White Nights Season Reaches a Crescendo

It would be safe to say that last Saturday night all, or almost all, of St. Petersburg's beau monde assembled in two beautiful buildings on Ploshchad Iskusstv. Jose Carreras performed with the St. Petersburg Philharmonic. The Maly (Mussorgsky) Theater featured the Russian premiere of "Les Noces," a work first choreographed in Paris in 1923.


For opera fans, disappointed when Franco Zeffirelli backed out of staging "Aida" at the Mariinsky last Tuesday and Placido Domingo, pleading a sore throat, canceled a June 19 engagement at the theater, the Carreras concert was the last big event of the season. Given the astronomical price of the tickets (up to $245 in the front rows), it was a gesture of goodwill to install a huge TV screen outside the Philharmonic.


The event at the Maly was more moderately priced but artistically more significant. The theater staged two works with scores by Igor Stravinsky: "Petrushka" and "Les Noces," choreographed by two outstanding 20th century Russian choreographers: Mikhail Fokine and Bronislava Nijinska, respectively.
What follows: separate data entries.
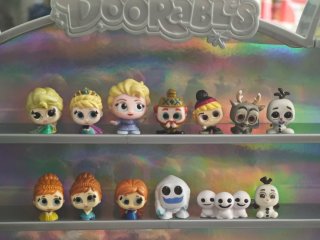 Frozen Doorables Disney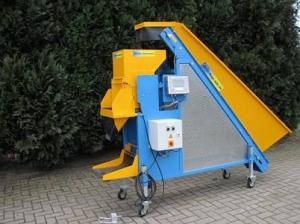 Quality Customized Potato Packing Machine Mobile Bagging Plant 2.5KW wholesale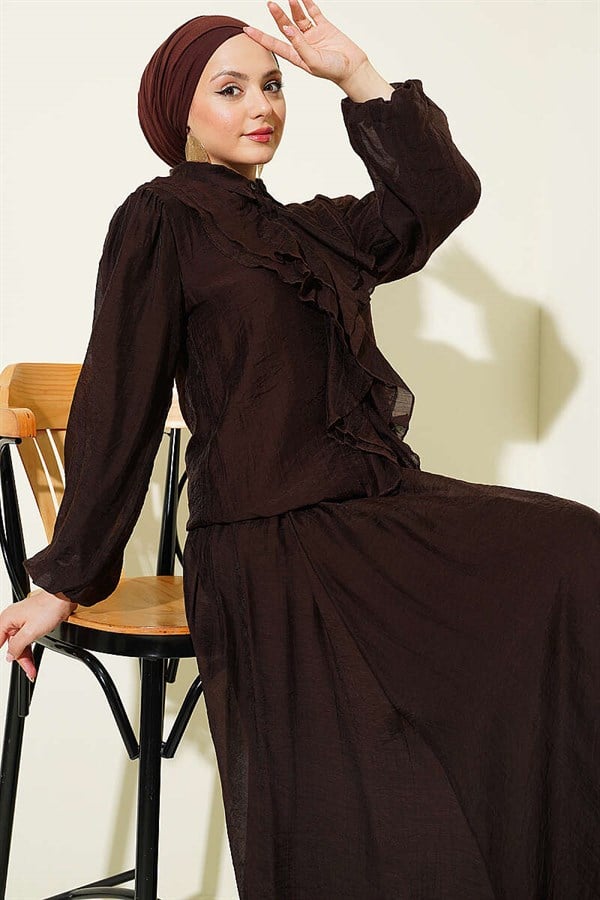 2 Piece Set: blouse and skirt with ruffled front, coffee color.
Both pieces were created by artists living abroad and both were premiered by Sergei Diaghilev's company in Paris. And yet the two are strikingly different in their music, choreography, sets, and production history.
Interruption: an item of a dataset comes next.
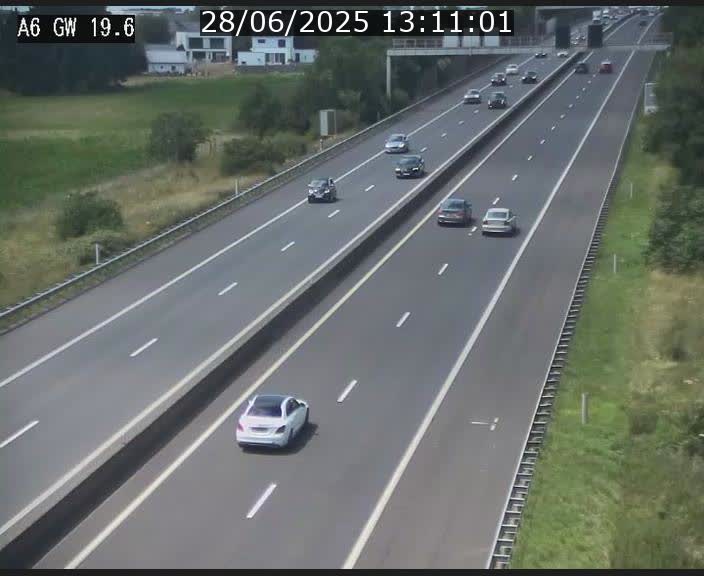 Traffic live webcam Luxembourg - Steinfort - A6 - BK 19.6 - direction Belgique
"Petrushka," musically in the tradition of Rimsky-Korsakov, with sets by Alexander Benois, premiered in 1911. A characteristic Mir Iskusstva piece, unlike other Fokine productions, it was first staged in Russia as early as 1920.


"Les Noces," or "Svadebka" as it is known to Russians, which was created and premiered only 12 years later, sounds and looks as if it comes not only from a different composer and choreographer, but from a different era. Bronislava Nijinska's geometric movements and Natalia Goncharova's sets and costumes were a radical modernist departure from the academic approach of classical ballet. No wonder the work was never performed in the artistically conservative Soviet Union.


The performance of "Les Noces" in St. Petersburg was a landmark event: For the first time a work by Nijinska was danced by a Russian company. Nijinska (1891-1972), the sister of legendary dancer Vaslav Nijinsky, choreographed more than 80 ballets. "Les Noces" was also a breakthrough for the Maly Ballet Company, which seems forever lost in the looming shadow of the Mariinsky.


The presentation of the ballet was under the auspices of St. Petersburg 2003, a partnership launched by the Citizen Exchange Council, a New York- based private non-profit organization.


After the performance, we stepped out into the warm summer rain to catch Carreras' last crescendo on the outdoor monitor. It was the White Nights Season at its prime.